Task to carry out:
Under this line sits a listing. Repeat exactly and only its lines from the one holding "8112 Lakeshore Drive, Kemp, TX 75143" through the one holding "Used 2022 Tesla"; skip pictures.

Records supplied:
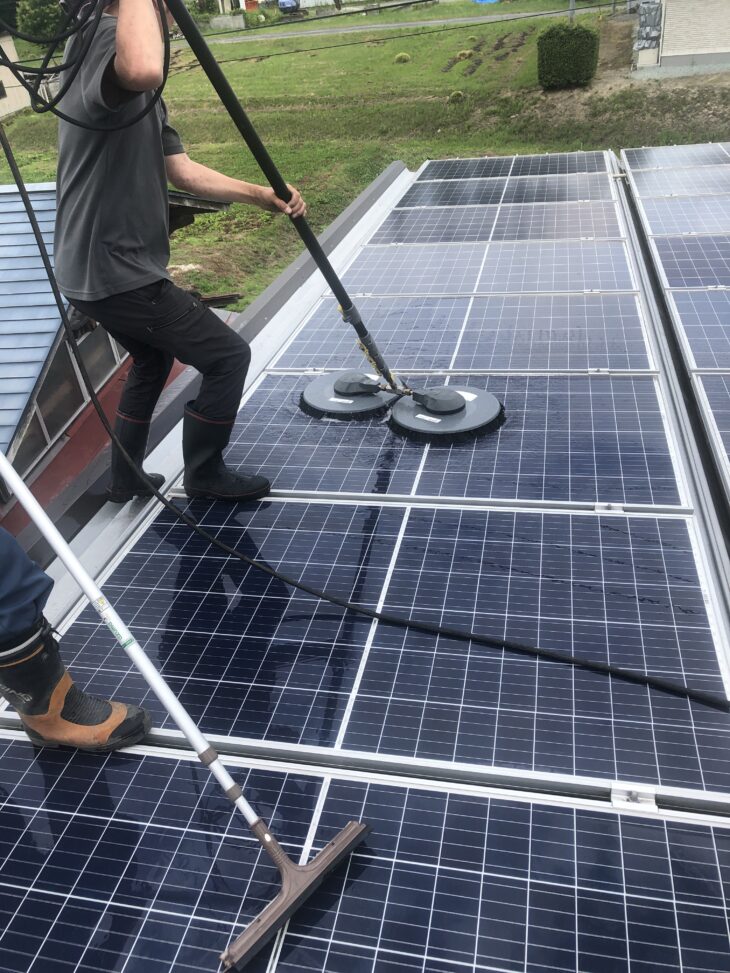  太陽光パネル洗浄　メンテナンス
--
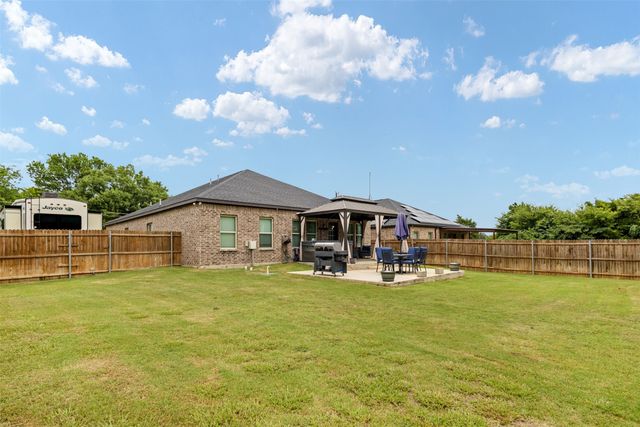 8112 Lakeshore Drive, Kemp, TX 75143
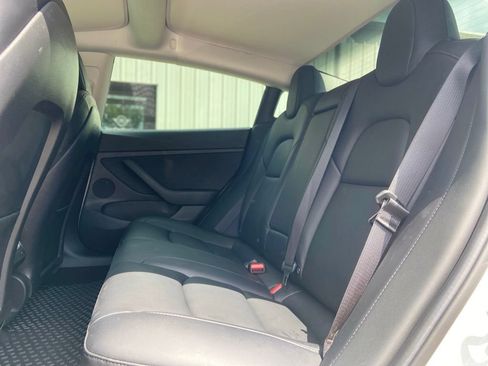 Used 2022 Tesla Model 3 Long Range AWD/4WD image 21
...
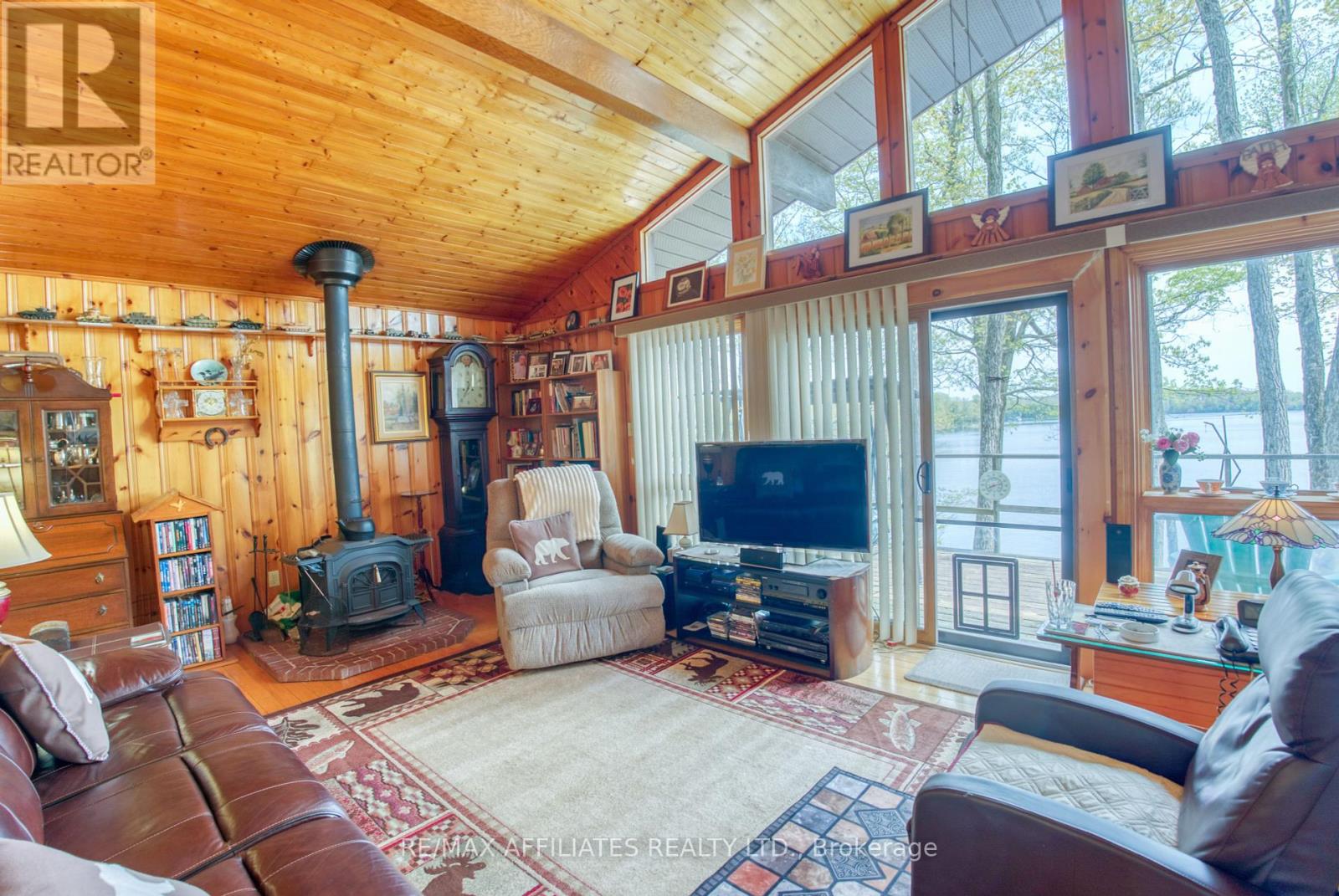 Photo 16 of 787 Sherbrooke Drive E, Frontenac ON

Written solution:
 8112 Lakeshore Drive, Kemp, TX 75143
 Used 2022 Tesla Model 3 Long Range AWD/4WD image 21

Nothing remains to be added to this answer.